When Thompson was at Northampton they beat Rovers for a place in the play-off final, but the friendship with "Olly 'n' Penny" endured and he joined them as a coach during the summer. Two years ago they were on course for automatic promotion to the First Division going into April but tailed away to seventh. When the decline continued last season, Holloway left and Thompson assumed the reins.

Rovers slipped into the fourth grade for the first time, though not for lack of effort on the acting manager's part. "Near the end, when we couldn't buy a goal for love nor money, Football Focus did this feature," said Thompson. "The presenter said: 'If you're a Bristol Rovers fan, look away now' and they ran together goals by Marcus Stewart, Jamie Cureton, Jason Roberts, Barry Hayles and Bobby Zamora, all ex-Rovers. We sold our strikers cheap and paid the price.

"But even though we got relegated, one supporter wrote to thank me for putting the pride back into the team. He reckoned we played with passion and went down fighting. I took a lot of pride from that."

Rovers' board were unconvinced, however, and told Thompson he was not their choice. He felt "unhappy and hard done by" until he learned that Francis was coming for his second stint at the club. "People told me to forget my pride and learn from Gerry, which I did."

His second, "permanent" chance came quicker than he expected after family problems forced the former England captain to resign. He endeared himself to the "Gasheads" (as Rovers' followers call themselves in memory of Eastville, their long-time home, which stood next to a gasometer) with a strong start which included the demolition of Derby.

"We hardly got mentioned as possible giant-killers, but everything worked out for us and nothing for them. Derby could play us another time and Fabrizio Ravanelli's header would go in rather than hitting the bar, and the clear chance they had after half-time would go in and not wide.

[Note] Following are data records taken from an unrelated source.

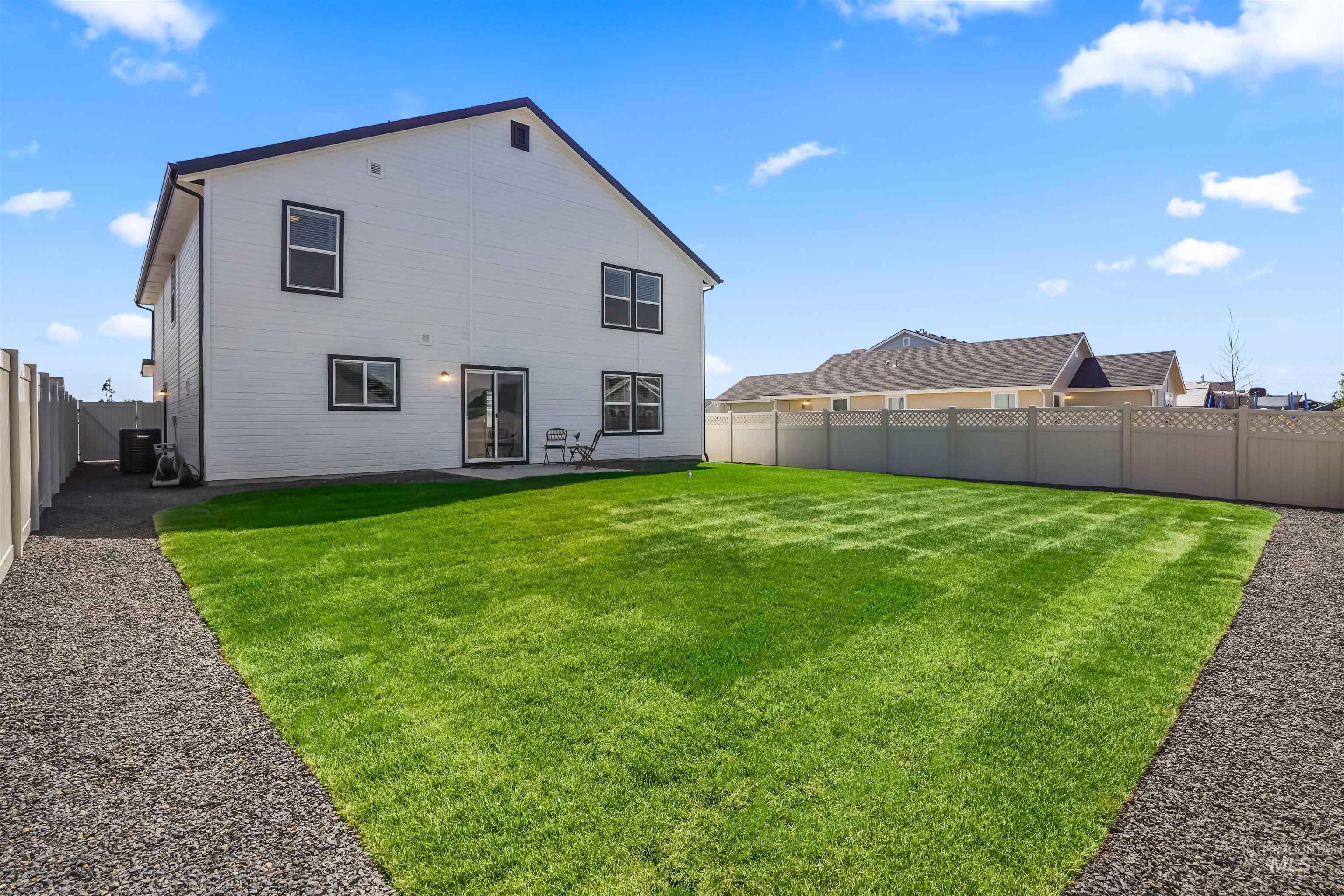 Back of property with a fenced backyard and a patio area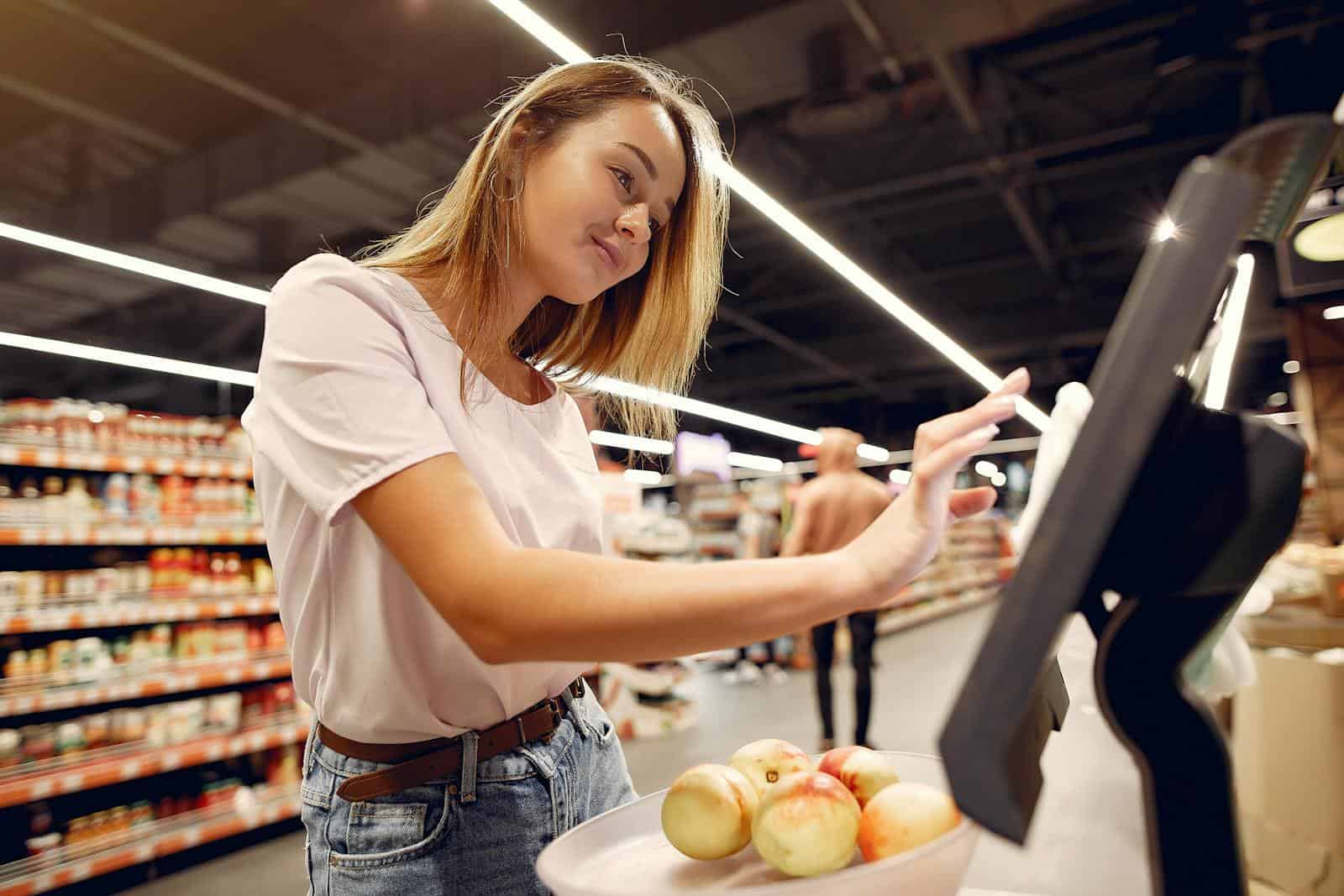 Side view of young woman in trendy clothes weighing peaches on scales while shopping in supermarket during purchase food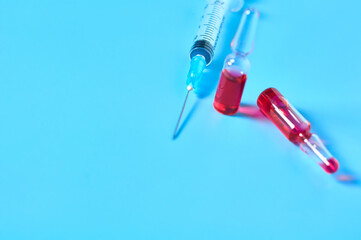 Disposable syringes and red vaccine on blue background. Healthcare and medical concept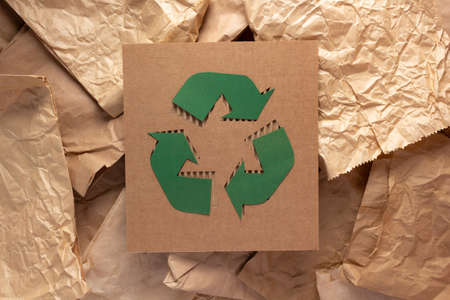 Recycle symbol at cardboard paper as background texture. Recycling idea concept and brown paperの写真素材
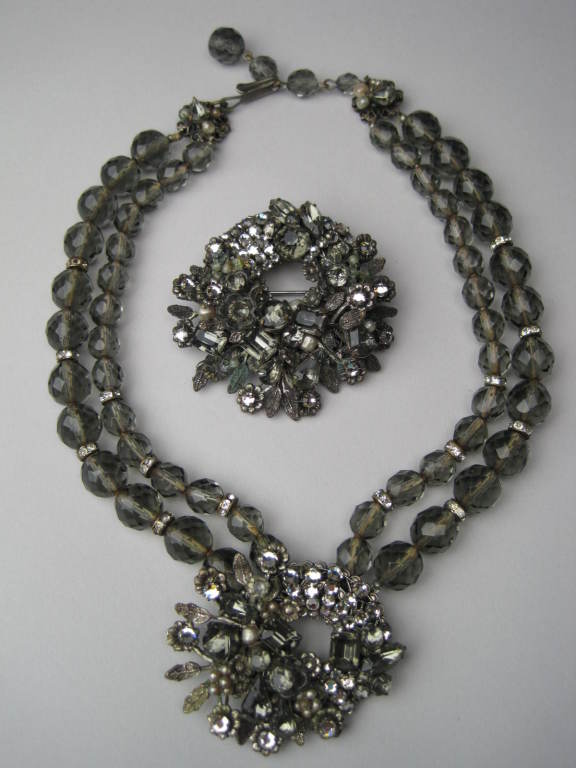 Necklace and brooch set from Robert DeMario is made of silver-toned metal and set with overlapping rhinestones and pearls.  Necklace is made of smokey faceted glass beads with bands of rhinestones separating the beads at regular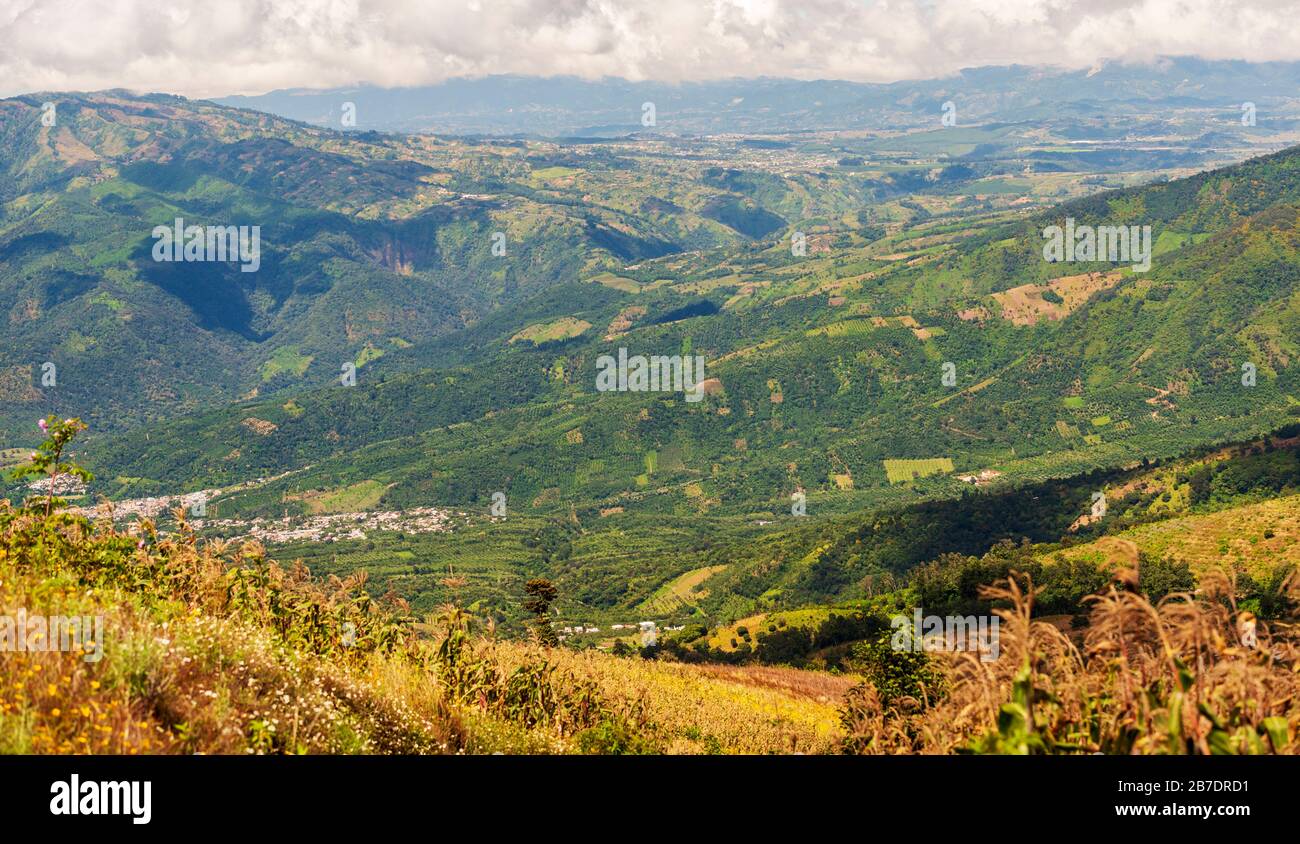 Hillside farming in Guatemala on steep ridges in patchwork shapes Stock Photo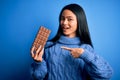 Young beautiful chinese woman holding chocolate bar over isolated blue background very happy pointing with hand and finger Royalty Free Stock Photo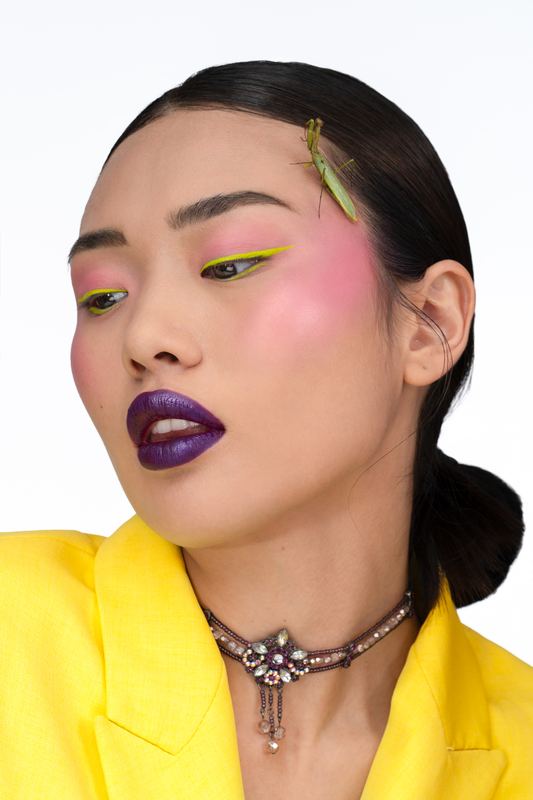 Beauty portrait in profile: purple lips, pink cheeks and a green mantis in the hair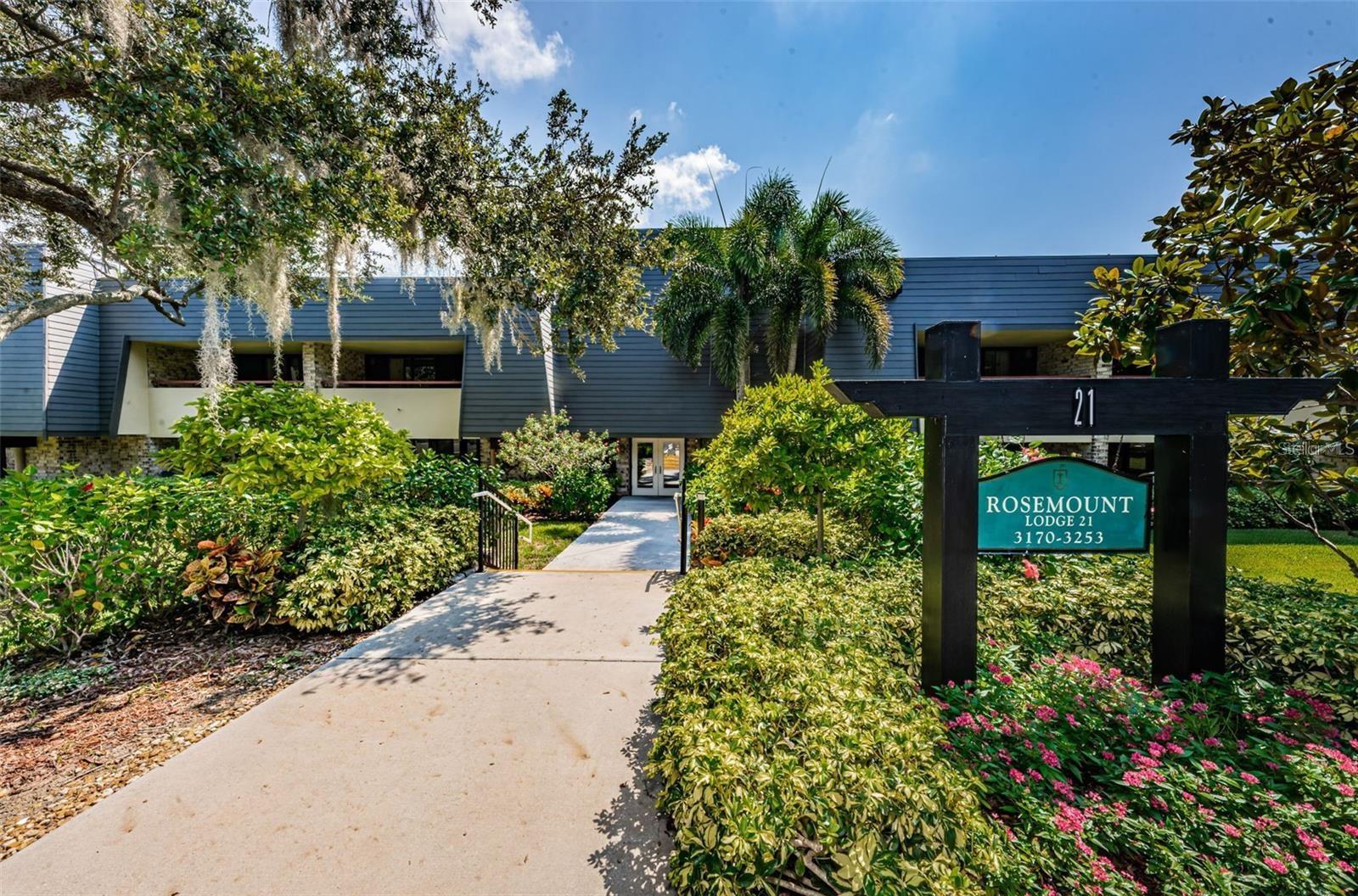 NOT in a FLOOD ZONE!! RENTED UNFURNISHED. BREATHTAKING VIEWS of the PGA Copperhead course are visible throughout this spacious beautiful condo. Take in STUNNING views of the Copperhead first hole on the hundred-yard line from the extended wrap-around patio that boasts sliders with lovely plantation shutters. A MUST SEE IN PERSON! This END UNIT, 2 bedroom, 2 bathroom, + den condo features newer attractive LUXURY VINYL FLOORING throughout the living area, kitchen, den, and second bedroom. The kitchen has newer cabinets and stylish touches such as a decorative metal ceiling with a cute chandelier. The dining area has a large dry bar area with extra cabinet space. The generously sized owner's suite features A NEW 2025 AC UNIT, dual sinks with separate vanities and a walk-in shower. Plenty of closet and storage space is abundant in this condo. The den area can be used for extra living space. The Rosemount building has three entrances, one conveniently located to this condo door entrance. Steps away is a large laundry room with an ice machine. Different levels of membership are available to enjoy the amenities, including the pools. Text or call agent, serious inquiries only. No EMAILS.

"But the Duke [Ellington, naturally] finished brilliantly, like he did again with another hat-trick when we beat Swansea on Tuesday. He's still learning but he could have a big future in thee game. Scott Howie made vital saves and David Hillier did a superb job on Benito Carbone. Above all, though, it was a terrific team effort."

Rovers need another at First Division Gillingham, an un-glamorous, scarcely lucrative draw that initially deflated Thompson but which he has come to view as a winnable tie. Strategy to be shaped, no doubt, amid the bath-time banter.